Gold lettering, black exterior, bare wood interior, foreign barstaff dressed in black with name-badges who don't know the price of the Doom Bar or Greene King IPA but with enough courtesy to be sufficient, streak & ale pie / non-specified fish and chips via a dumb water, all pub bar & food details on blackboards, busy (although admittedly wide) pavement full of drinkers enjoying the traffic... this could be any pub in London. I didn't go to the loo, but if I had you can be sure they'd be a staircase involved.
Not all bad things of course, all the boxes are ticked. But ticking boxes is not the same tickling fancies.
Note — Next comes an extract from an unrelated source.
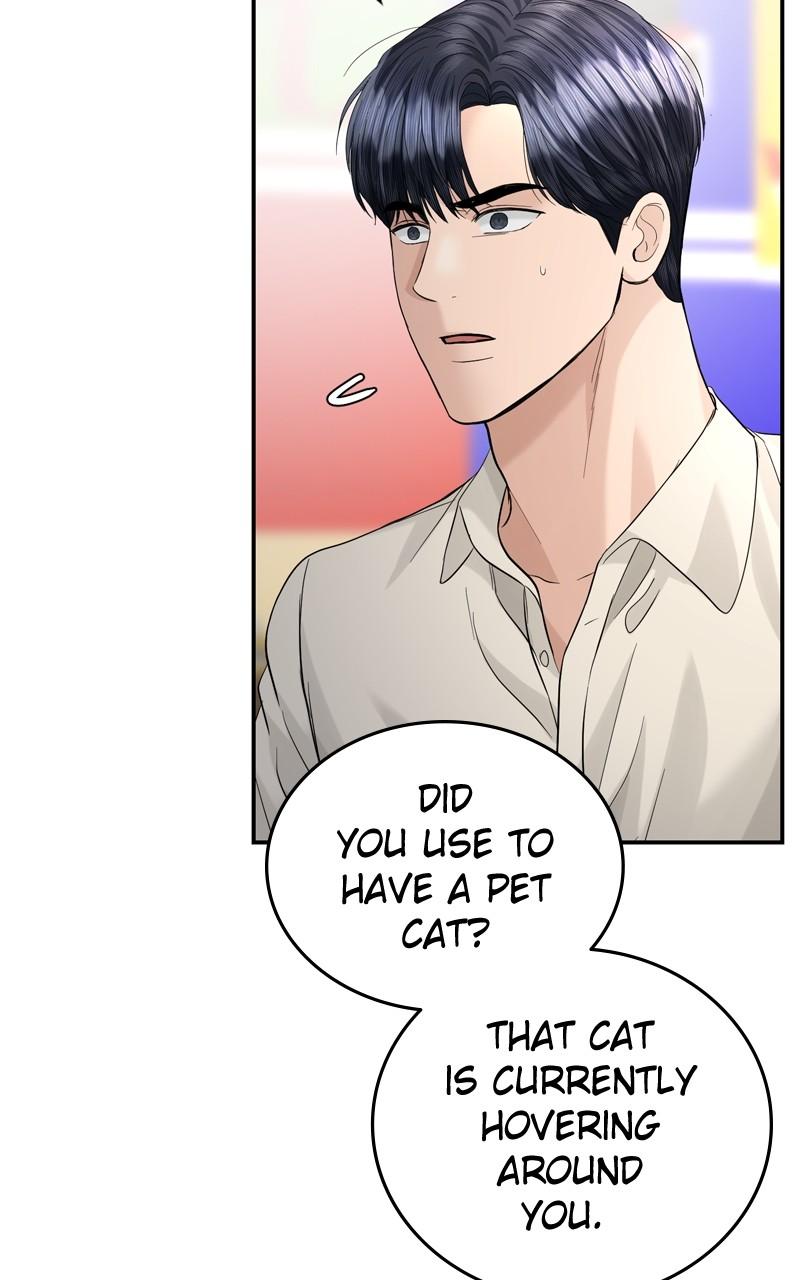 Read Perfect Marriage Revenge EN Manga Online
Although I do like the vague sense of freedom of being able to stand on a pavement with a drink without without penned in behind partitions or brass studs in the pavement.
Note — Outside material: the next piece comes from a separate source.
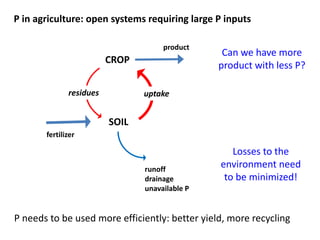 Opportunities for improving phosphorus-use efficiency in crop plants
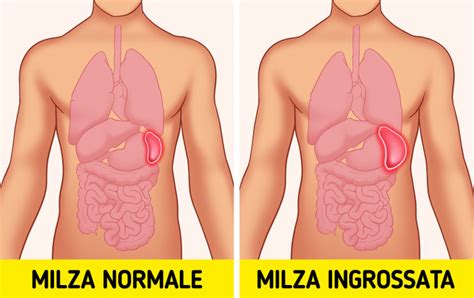 Perch Abbiamo Ancora Parti Del Corpo Che Non Ci Servono Davvero Per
And in a pub where there's standing room only, to have completely empty tables marked up as above at 6.10pm must have be quite irksome to those with tired legs.
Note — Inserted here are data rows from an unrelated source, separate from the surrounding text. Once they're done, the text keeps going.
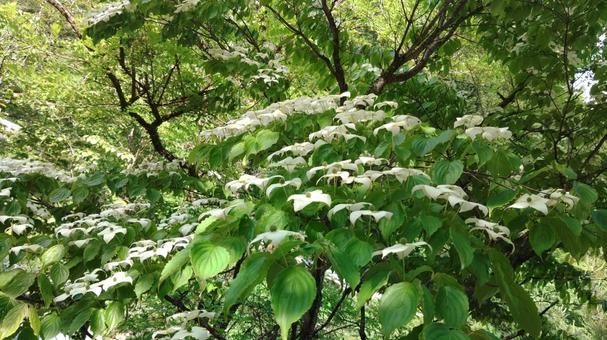 ヤマボウシの写真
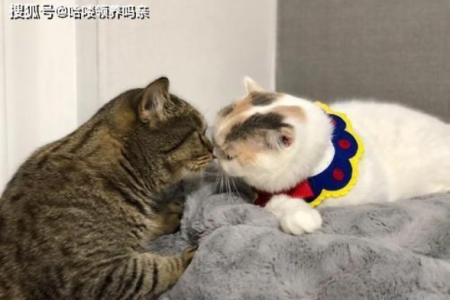 你的中国猫能和外国猫交流吗？揭秘猫咪沟通方式！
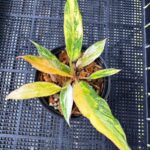 Philodendron Caramel Marble Variegated
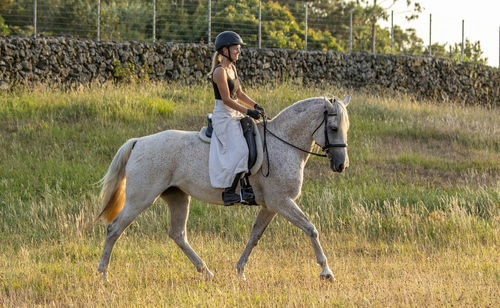 Dressage rider, female, on lusitano horse, trot on pasture outdoors.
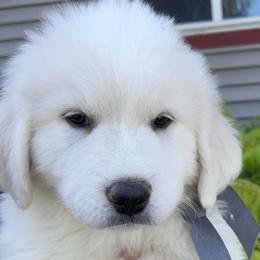 Boy 1 - Mr Gray - Great Pyrenees puppy in Idaho from Portneuf Range Pyrenees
One point of interest though, this is a rare example of a pub that takes its name from another pub. Named after the area it's in, which itself is named after the nearby Fitzroy Tavern. The Fitzroys (aka the Graftons) are well remembered already in the Borough. But it is a bit of cynical marketing ploy to try and make the pub sound a bit cool, mysterious and boheme by such nomenclature. I much prefer the original name - "The Valiant Trooper".